- Church: Catholic Church
- See: Bishop of Nin
- Appointed: 19 March 1479
- Term ended: 8 August 1530
- Predecessor: Giacomo Bragadeno
- Successor: Jakob Divnić (Giacomo Difnico)

Orders
- Consecration: 9 May 1479 (Bishop) by Maffeo Gherardi Patriarch of Venice

Personal details
- Born: c. 1440 Šibenik, Venetian Republic
- Died: 8 August 1530 Zadar, Venetian Republic
- Buried: Chapel of Our Lady of the Hare, Cathedral, Nin

= Juraj Divnić =

Juraj Divnić (Giorgio Difnico, Juraj Divnić, Georgius Diphnicus, c. 1440 – 1530) was bishop of Nin. He was one of the more important Catholic bishops of Croatian origin in his time.

==Life==

Juraj Divnić was born in Šibenik around 1440 and was part of the known Divnić family, which settled in Šibenik in the 14th century from Skradin. He studied the Law probably in Italy and entered the ecclesiastic career. On 3 July 1464, he became titular of the church of St. Mary Magdalene in the peninsula of Mandalina (now part of the town of Šibenik). In the same year, he was made beneficiary also of the estates of a church on the island of Zlarin.
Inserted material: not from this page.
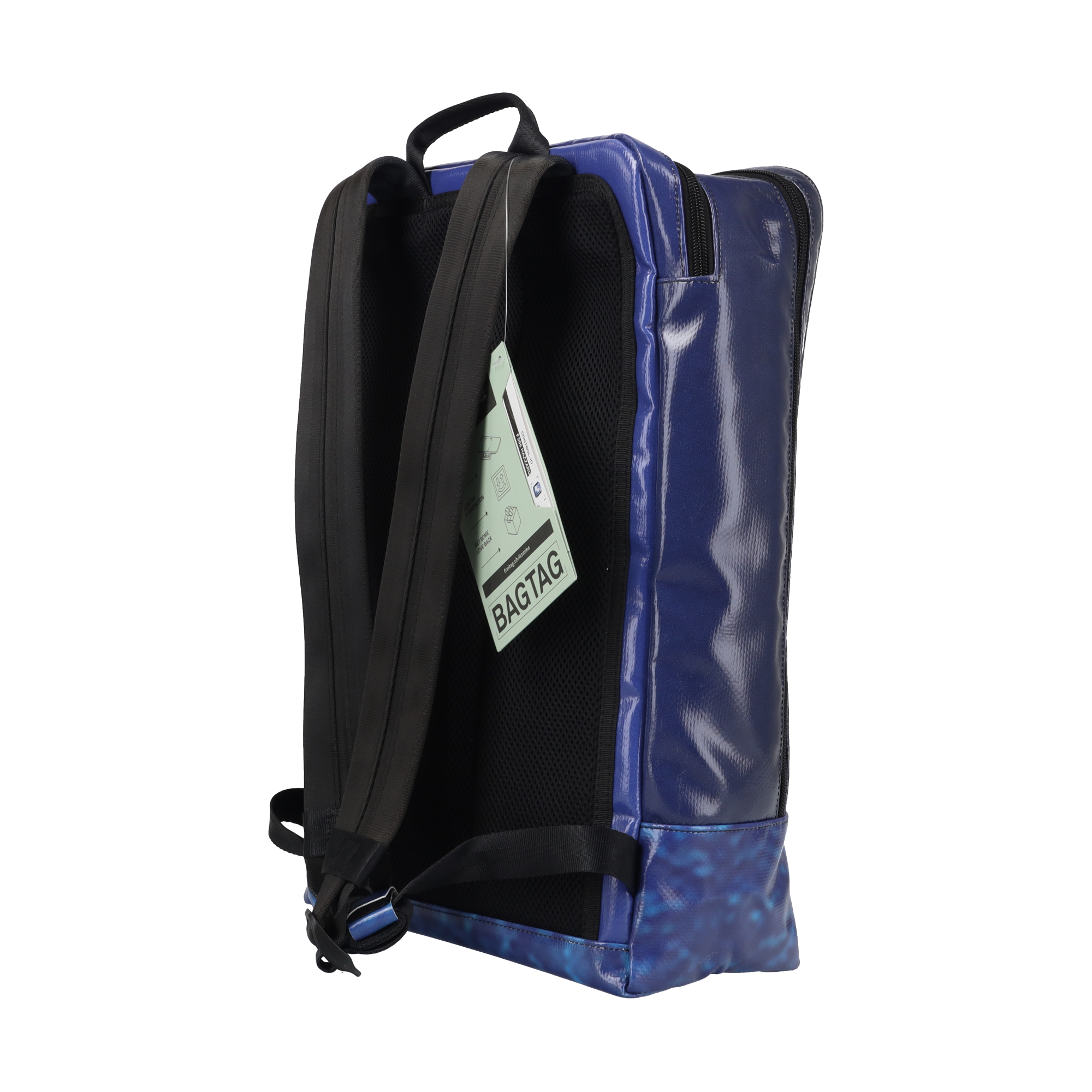 アップサイクルされたバッグとアクセサリー | FREITAG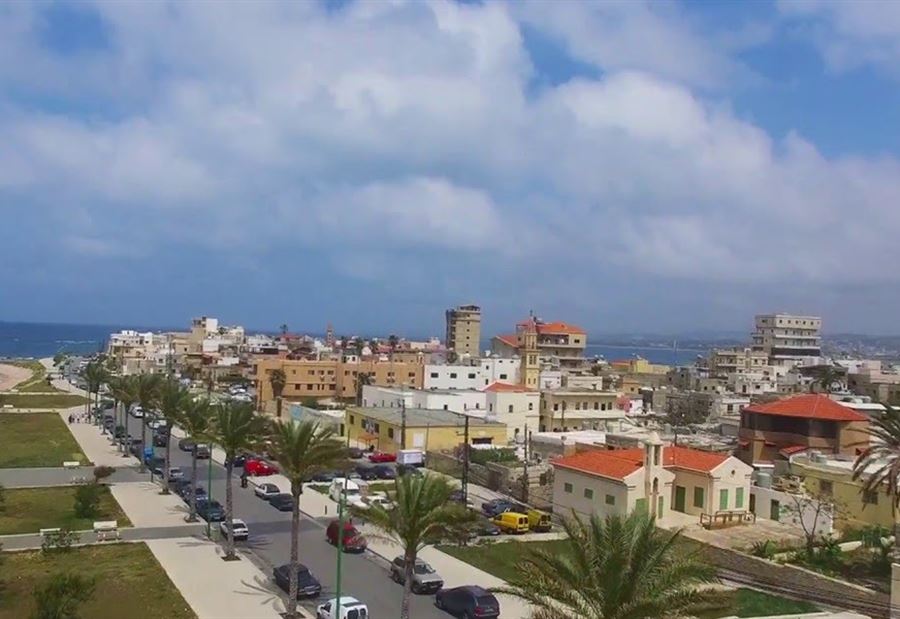 بعد اتهام احد موظفيها بالعمالة... بيان من دائرة الاوقاف الاسلامية في صور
On 19 March 1479, he was appointed bishop of Nin. He received the minor orders in Venice on 1 May 1479; in the following two days, he was ordained deacon and priest; and on the next Sunday, 9 May, he was consecrated bishop in the patriarchal church of Venice by Patriarch Maffeo Gherardi.
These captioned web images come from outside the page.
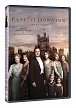 Panství Downton 6. série (4DVD)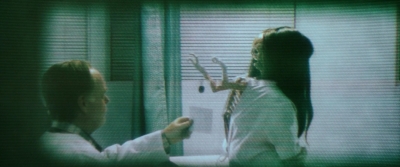 2021_-_Malignant_mp44820.jpg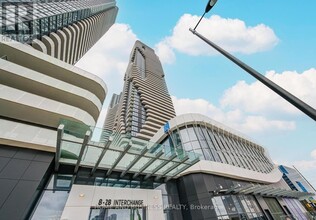 Building Photo - 8 Interchange Wy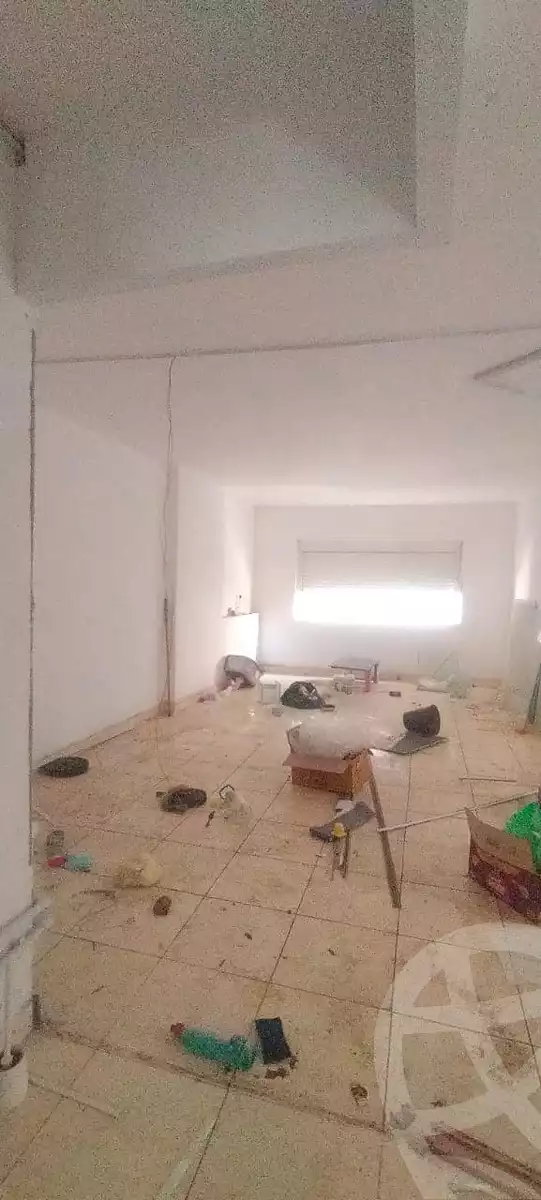 https://aqarmap.com.eg/ar/listing/5207251-for-rent-cairo-heliopolis-almazah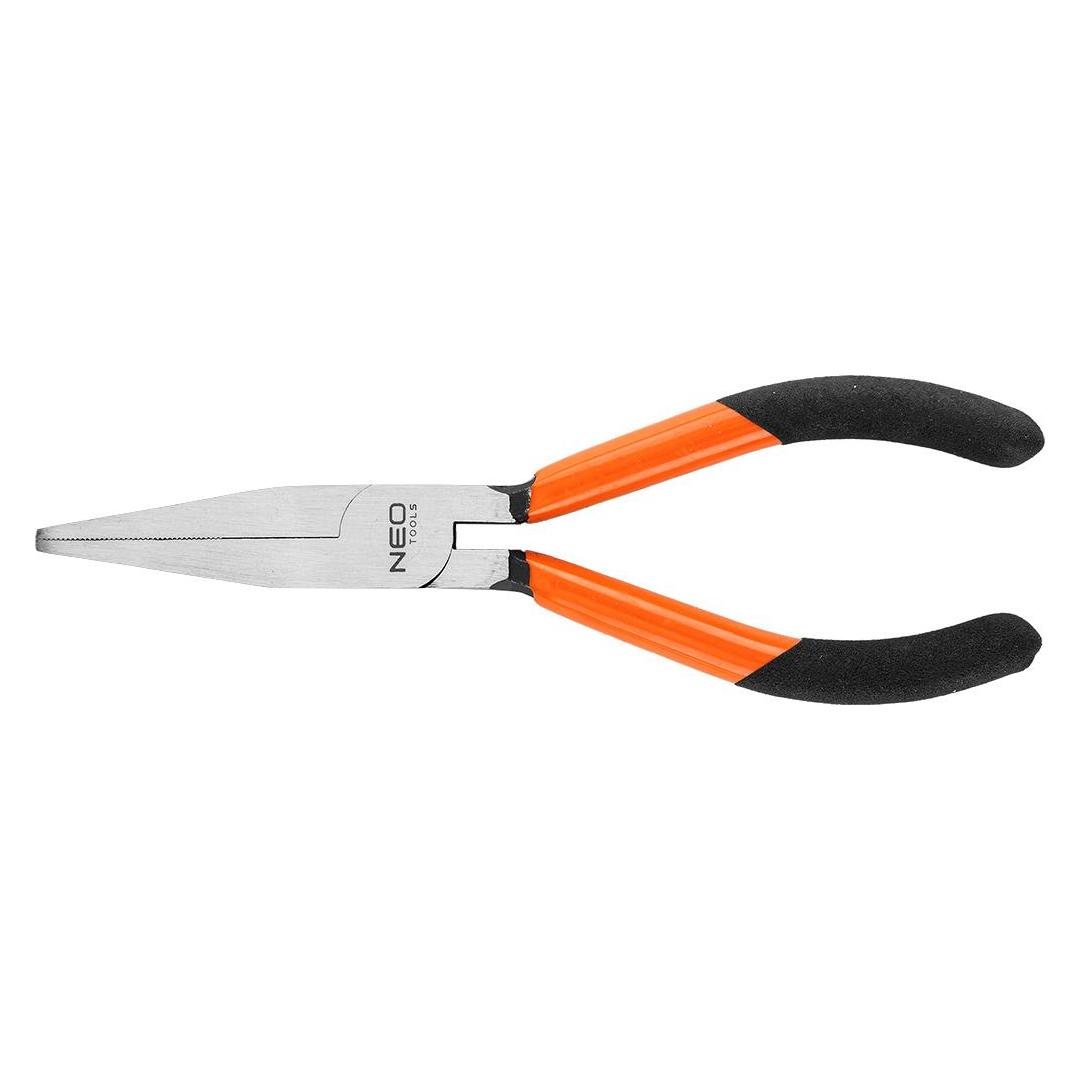 Neo Flachzange 160 mm (160 mm) (59299615)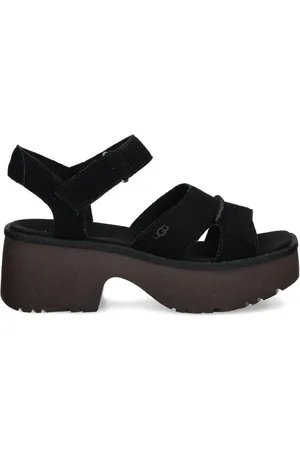 UGG Sandali New Heights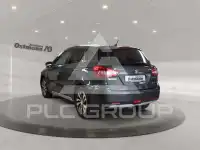 2021 Suzuki SX4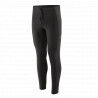 Patagonia Peak Mission Tights - Running leggings - Men's | Hardloop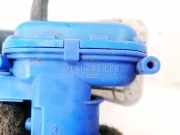 Vakuumpumpe Unterdruckpumpe Audi 80, B4 1991.09 - 1995.01 893862153C,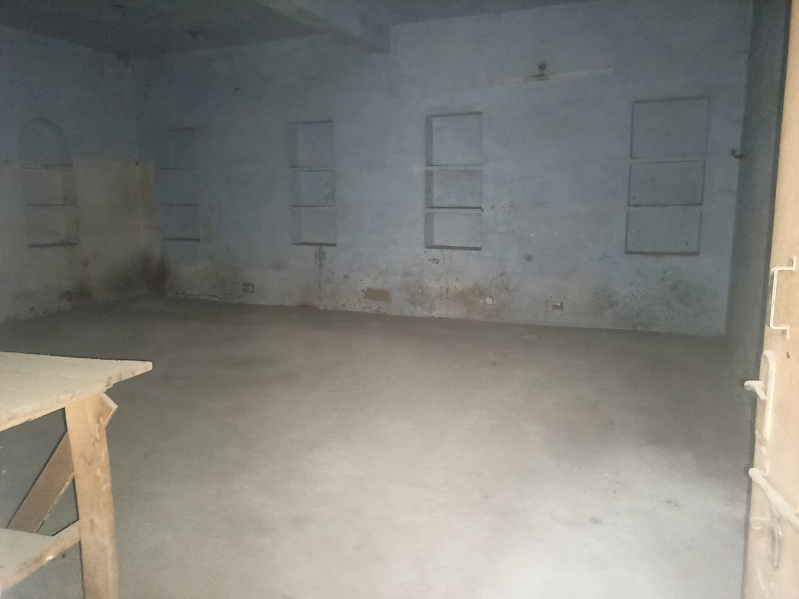 Additional image 3 of Sadar Bazar, Agra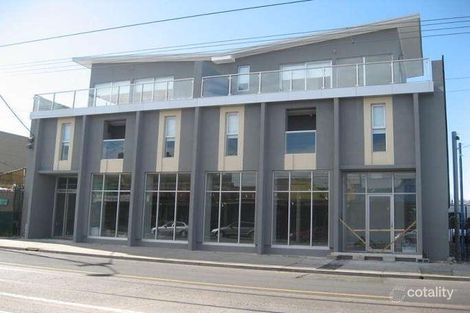 11/532 High St, Northcote, VIC 3070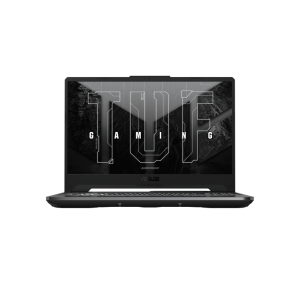 PORTATIL ASUS FA506NCR-HN077 R7-7435HS/16GB/512GB/15"6 FHD/RTX3050/FreeDOS
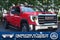 2025 GMC Sierra 2500HD SLE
In 1482, Juraj Divnić visited Rome. In 1486, he was authorized by the pope to live near Zadar. He participated in the wars for defending the Croatia from the Ottomans, being a witness to the Battle of Krbava and defending Nin during the siege of 1499. He did not participate in the Lateran Council of 1512 – 1517, so as not to leave his flock, threatened by Ottomans. Juraj Divnić approved the Marian apparition that occurred in May 1516 on a little island near Nin, known as Our Lady of the Hare.

Due to his old age, in 1523 Juraj Divnić asked Pope Adrian VI to be allowed to retire and be succeeded by his nephew Jakob. The Pope agreed but ordered that he maintained the title of bishop of Nin. In 1528 he restored the Cathedral of Nin (now Church of St. Anselm), supplied new religious furnishings, and prepared his tomb.
He died in Zadar on 8 August 1530, and he was buried in the side chapel of Our Lady of the Hare, in the cathedral of Nin, where is still present his sepulchral inscription.

==Works==
His only literary work which has survived is a long letter written in Latin on 27 September 1493 to Pope Alexander VI about the Battle of Krbava, where the Croatian army was destroyed by the Ottoman cavalry. The Latin text is preserved in the Biblioteca Marciana, Ms Lat. Cl. X cod. 174, and it was translated in Croatian in 1983.